# WHAT TO PRODUCE
Give every entry again, unchanged, and leave its images out.
-------
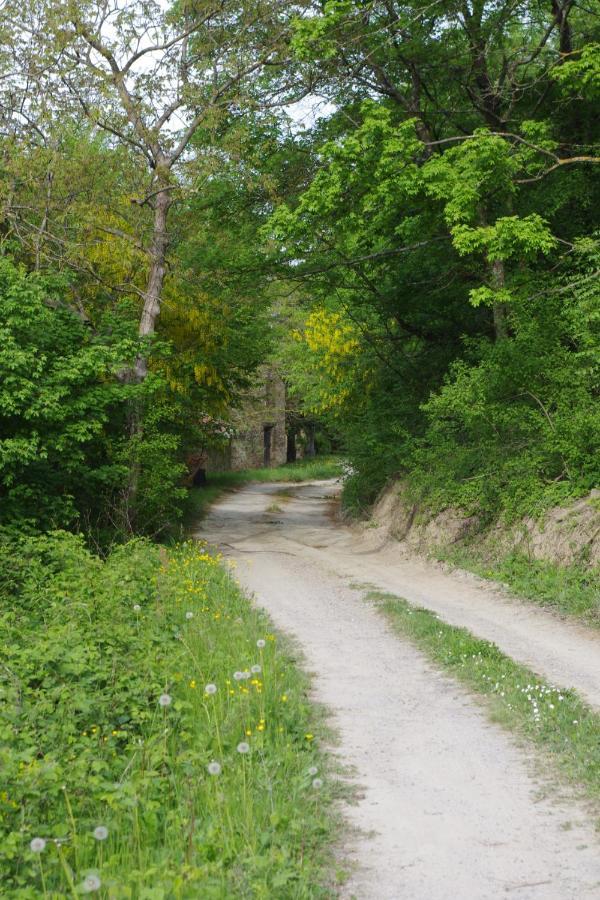 Vinco Bed & Breakfast Castel del Rio Екстериор снимка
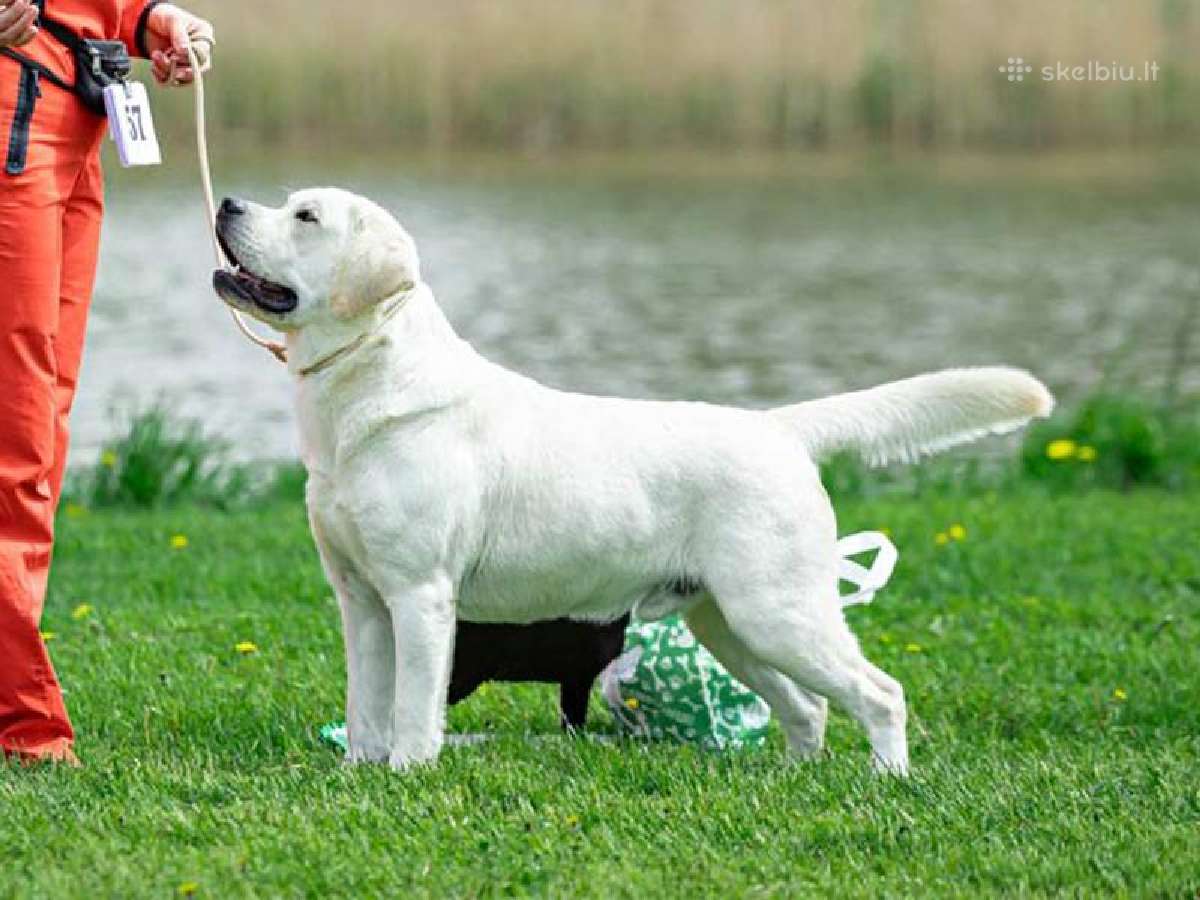 Labradoro retriveris reproduktorius kergimui - nuotraukos Nr. 7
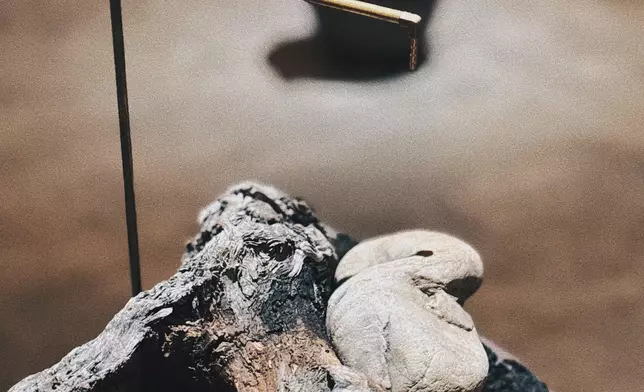 Hong Kong House at Echigo-Tsumari Art Field 2025 to stage in Tsunan, Japan, from tomorrow  Source: HKSAR Government Press Releases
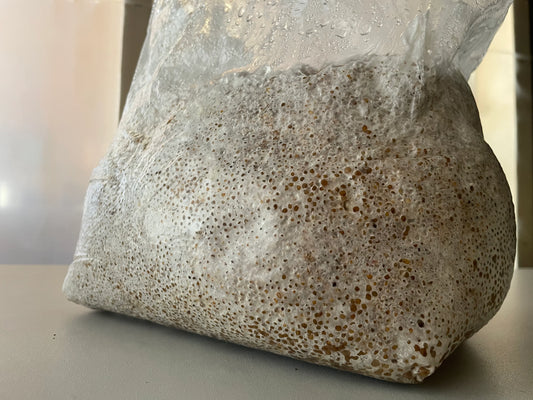 4lb Colonized Blue Oyster Grain Spawn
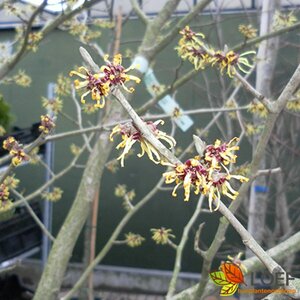 Hamamelis intermedia 'Westerstede' 60/80 KL. - afbeelding 2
-------
# RESULT OF THIS EXERCISE
 Vinco Bed & Breakfast Castel del Rio Екстериор снимка
 Labradoro retriveris reproduktorius kergimui - nuotraukos Nr. 7
 Hong Kong House at Echigo-Tsumari Art Field 2025 to stage in Tsunan, Japan, from tomorrow  Source: HKSAR Government Press Releases
 4lb Colonized Blue Oyster Grain Spawn
 Hamamelis intermedia 'Westerstede' 60/80 KL. - afbeelding 2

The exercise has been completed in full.